Was $940 new. I'd be more comfortable in the $450-$500 range, but thats just me. Thudbusters aren't cheap, and some people love them, but they're not for me.

That is a very nice entry level bike. Good luck!


----------



## GPRider08 (Aug 22, 2008)

I'd say you should see about getting him down to at least $600. As Matt said, that Thudbuster is worth a little coin, but only for those who like them.


----------



## Byako (Aug 3, 2012)

thanks guys. I will try to aim for 600... as long as I can get a good deal on it. Trying to get into the sport by getting a good deal on a used bike. Hard shopping for one...and this is a bike that came along that actually fits me... I might pull the trigger.


----------



## Nubster (May 15, 2009)

I'm trying to sell the exact same bike with a new upgraded headset and X.9 rear derailleur and people on CL are beating me up over my asking price of $600. Even when I drop it to $550 I get a bunch of grief. Cheap bastards. It's a good bike and responds decently well to upgrades. IMO it's a deal at $600, a steal at $550 or less.


----------



## Byako (Aug 3, 2012)

maybe i should of brought it off you. lol. 

anyways i pulled the trigger at 560. A couple of scratches but it looks intact. 

he put front and rear Vulpine semi-slick.
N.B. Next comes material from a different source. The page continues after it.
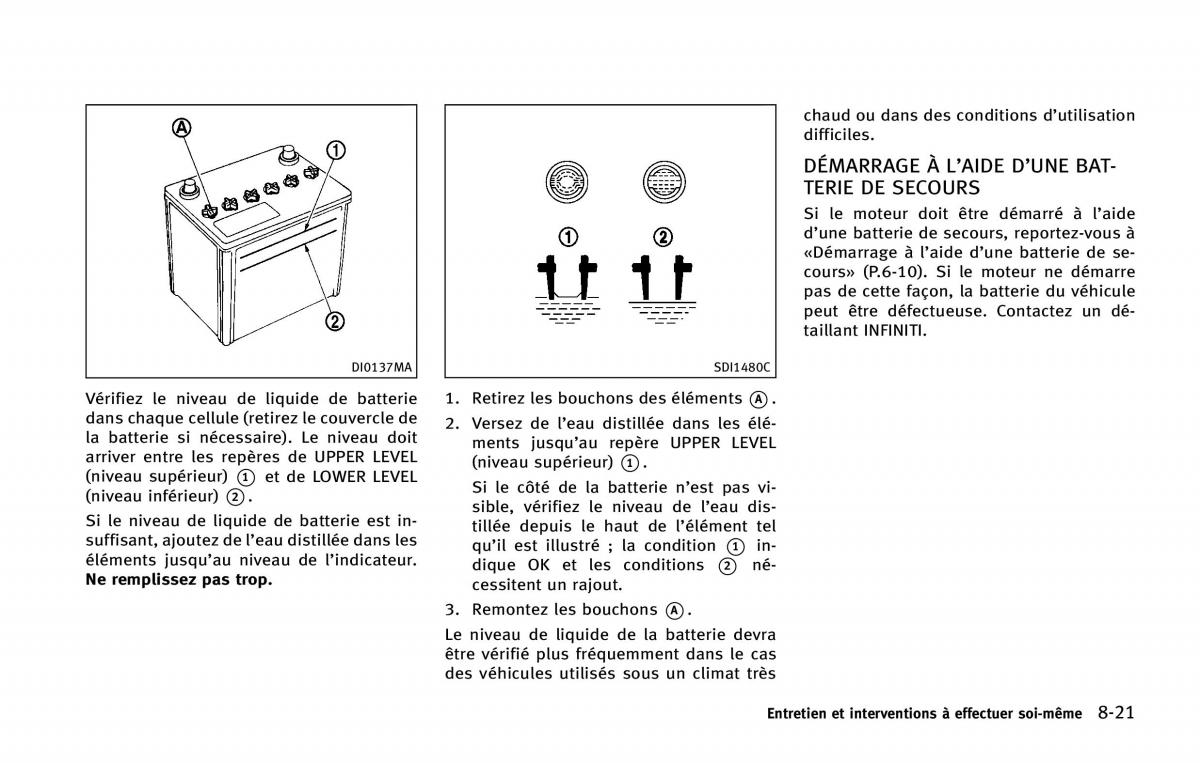 manual  Infiniti Q50 manuel du proprietaire / page 384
are these good tires for trail or what do you guys recommend as a set?

-chad.


----------



## Byako (Aug 3, 2012)

while im at it, anything i should upgrade or get on the bike? the crankset seemed to of been scratched bad don't know how he manage to do that.


----------



## Luclin999 (Jul 9, 2012)

IMO $520 is just about the right price for that bike in used but well maintained condition.


----------